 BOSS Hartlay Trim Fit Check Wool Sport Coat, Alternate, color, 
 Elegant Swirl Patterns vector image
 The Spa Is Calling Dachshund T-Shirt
☆ ☆ ☆ ☆
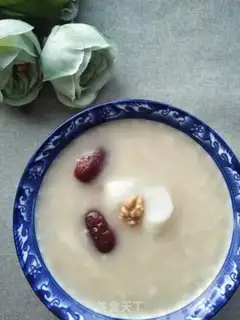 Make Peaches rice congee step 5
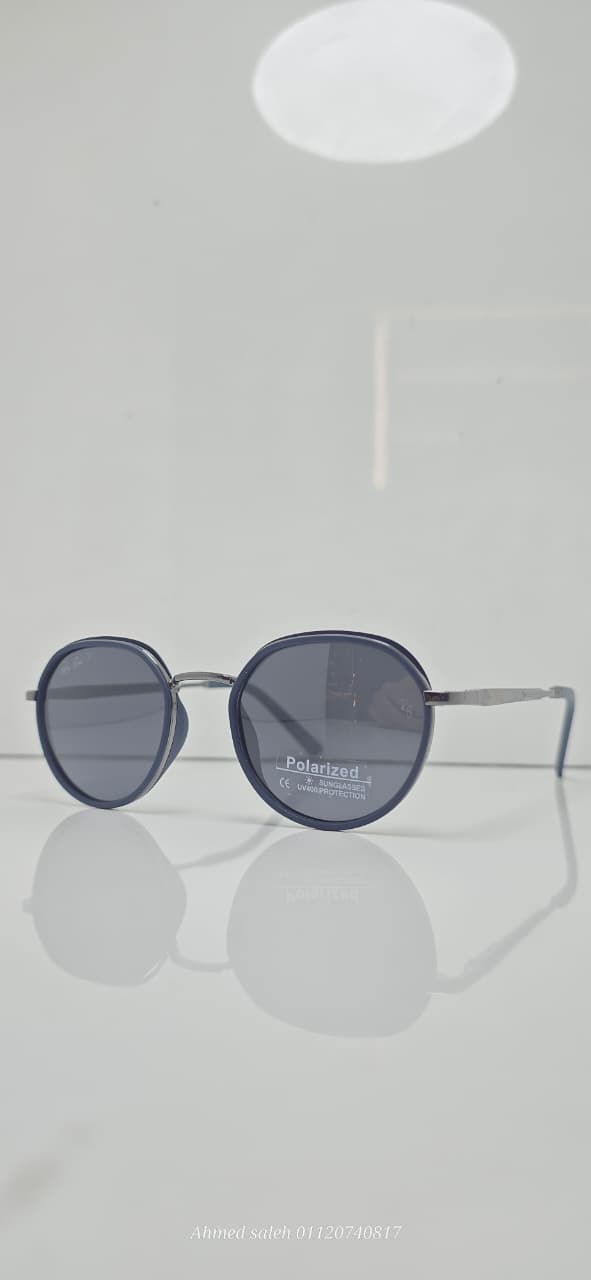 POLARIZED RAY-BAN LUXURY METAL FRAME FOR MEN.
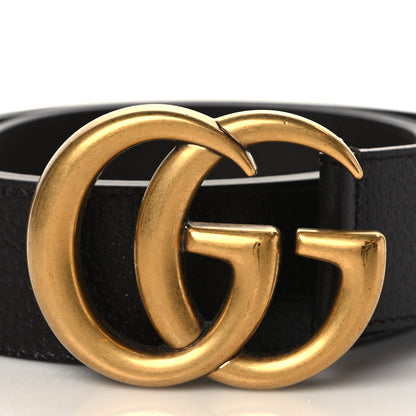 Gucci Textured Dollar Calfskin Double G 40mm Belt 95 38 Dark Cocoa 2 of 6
☆ ☆ ☆ ☆
Out of the data above, transcribe exactly and only the lines starting with the line that has "BOSS Hartlay Trim" and going on through the line that has "The Spa Is Calling Dachshund T-Shirt", both included.

 BOSS Hartlay Trim Fit Check Wool Sport Coat, Alternate, color, 
 Elegant Swirl Patterns vector image
 The Spa Is Calling Dachshund T-Shirt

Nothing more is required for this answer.